The dispute strikes another blow to the Nigerian Government’s aspiration to attract foreign investment into the country. It is understood that the issues between Africoat and LADOL have been brought to the attention of the United States of America diplomatic mission in Lagos and Abuja.
The outcome of this dispute would seem to have a long lasting effect on the recommendation of US citizens investing in Nigeria’s private sector.
The dispute between Africoat and LADOL relates to service agreements granting Africoat space at the free zone to carry on its highly skilled pipe-coating business.
Africoat alleged that LADOL failed to provide any services under the agreement, in breach of the agreement.
It also alleged that LADOL made wholly unjustified demands for fees of over $7 million.
But in its defence, LADOL argued that Africoat breached Nigerian laws by stopping to make statutory payments for services provided.
However, Africoat also claims that LADOL unlawfully refused to renew Africoat’s operating licence and excluded Africoat from its own yard.
According to the US firm, this resulted in the loss of several lucrative business opportunities for Africoat, including contracts with Chevron and ExxonMobil.
Africoat’s Free Zone operating licence was later issued by LADOL after direct instructions from the Nigerian Ministry of Industry, Trade and Investment.
But Africoat alleged that it has remained excluded from its facility. So, renewing Africoat’s operating licence has made no practical difference to its operations, as LADOL has refused to renew Africoat’s lease and services agreement. This means that Africoat is unable to do business even with an operating licence. Africoat claims that this is the consequence of LADOL’s monopolistic control over the free zone.
Africoat faces battles on numerous fronts. It has sought an injunction preventing LADOL from tampering with Africoat’s equipment or interfering with its use of the yard. Africoat argued that the injunction was necessary to protect its assets.

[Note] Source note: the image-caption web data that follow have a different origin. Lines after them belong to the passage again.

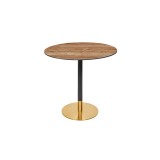 Mesa de cafetería OMEGA R con tablero HPL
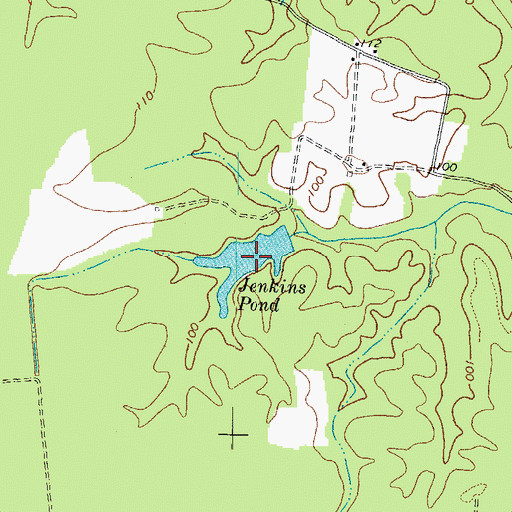 Topographic Map of Jenkins Pond, VA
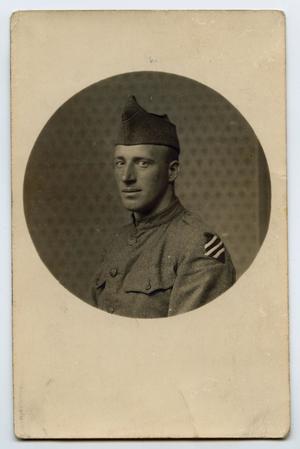 Primary view of object titled '[Portrait of an Unknown World War One Soldier]'.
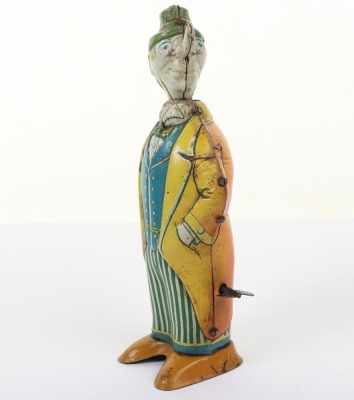 Scarce Fischer (Germany) Tinplate Clown, with long nose - 3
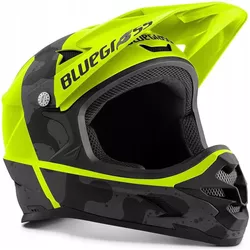 купить Защитный шлем Met-Bluegrass Bluegrass Intox Ce Fluo yellow black camo matt S в Кишинёве 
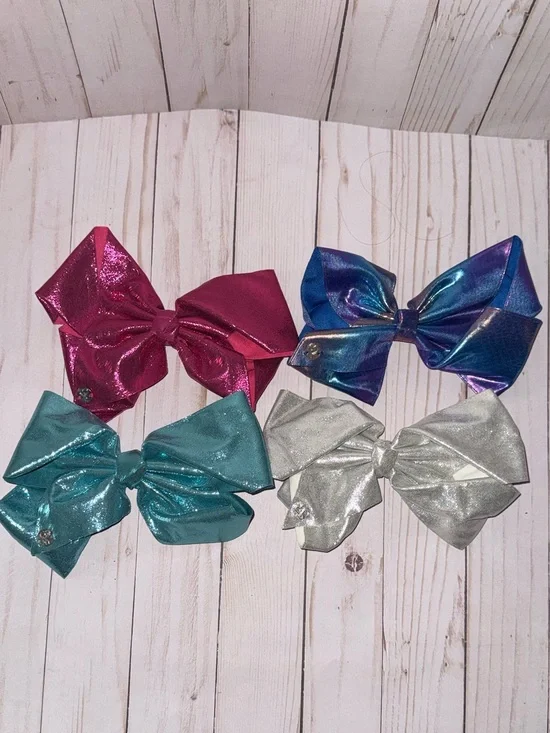 Metallic Jojo Bows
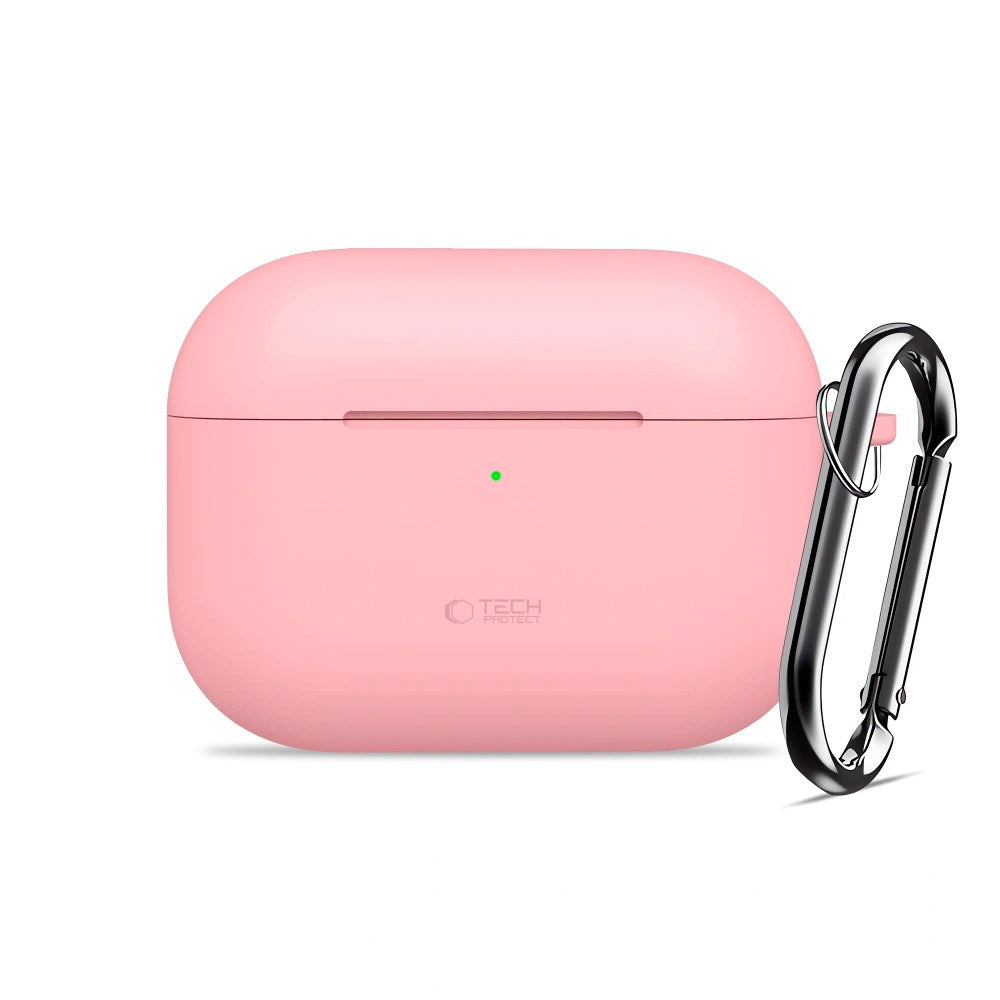 Apple AirPods Pro (3. gen.) Tech-Protect Silicone Hook Deksel - Rosa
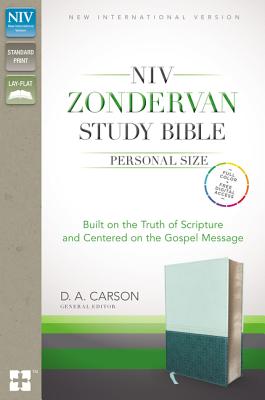 NIV, Zondervan Study Bible, Personal Size, Imitation Leather, Green/Blue, Indexed: Built on the Truth of Scripture and Centered on the Gospel Message - Carson, D A (Editor), and Alexander, T Desmond, Dr., and Hess, Richard, Dr.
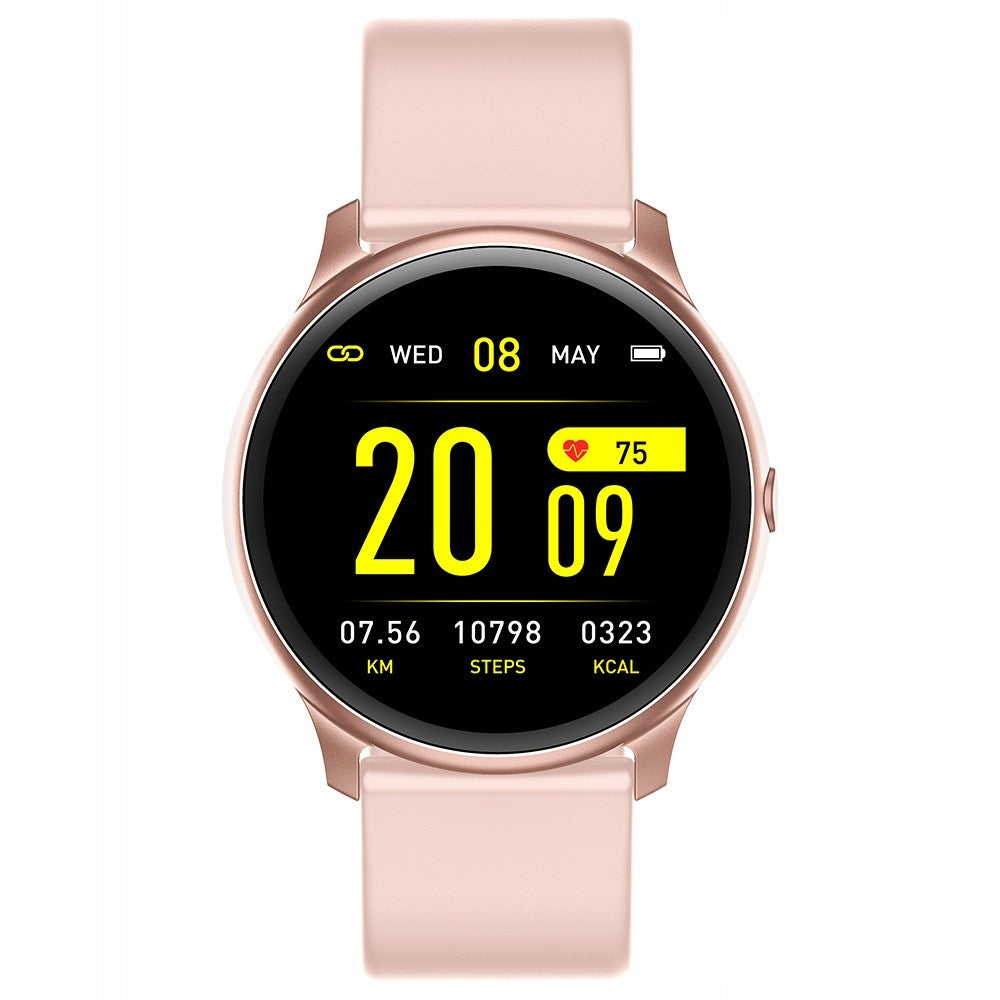 Reloj smartwatch maxcom fw32 neon pink gold 0.96pulgadas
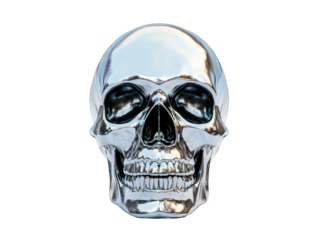 Isolated Chrome Skull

According to the US firm, LADOL, realising that it does not have the skill or expertise to operate the equipment itself, had threatened to seize and sell the equipment in the yard.
Whatever the merits or demerits of this case may be, an important point is that all the problems lie with the operation of the LADOL free zone because everybody is complaining.
Africoat, and all businesses operating in the LADOL free zone argued that they are at the mercy of LADOL and GRMFZC, which allegedly administer the NEPZ Act in a manner that is allegedly contrary to the Act’s intention.
The two entities were alleged to have implemented regulations that over-ride contract agreements and puts both local and foreign businesses at a disadvantage.
All the businesses in the zone argued that LADOL has abused its monopolistic position in the free zone and has acted with impunity against foreign businesses.
They argue that the federal government needs to intervene and take action now before foreign businesses pack up and leave the zone.
It is feared by the operators that it would be a tragedy if Africoat were not able to re-commence operations soon.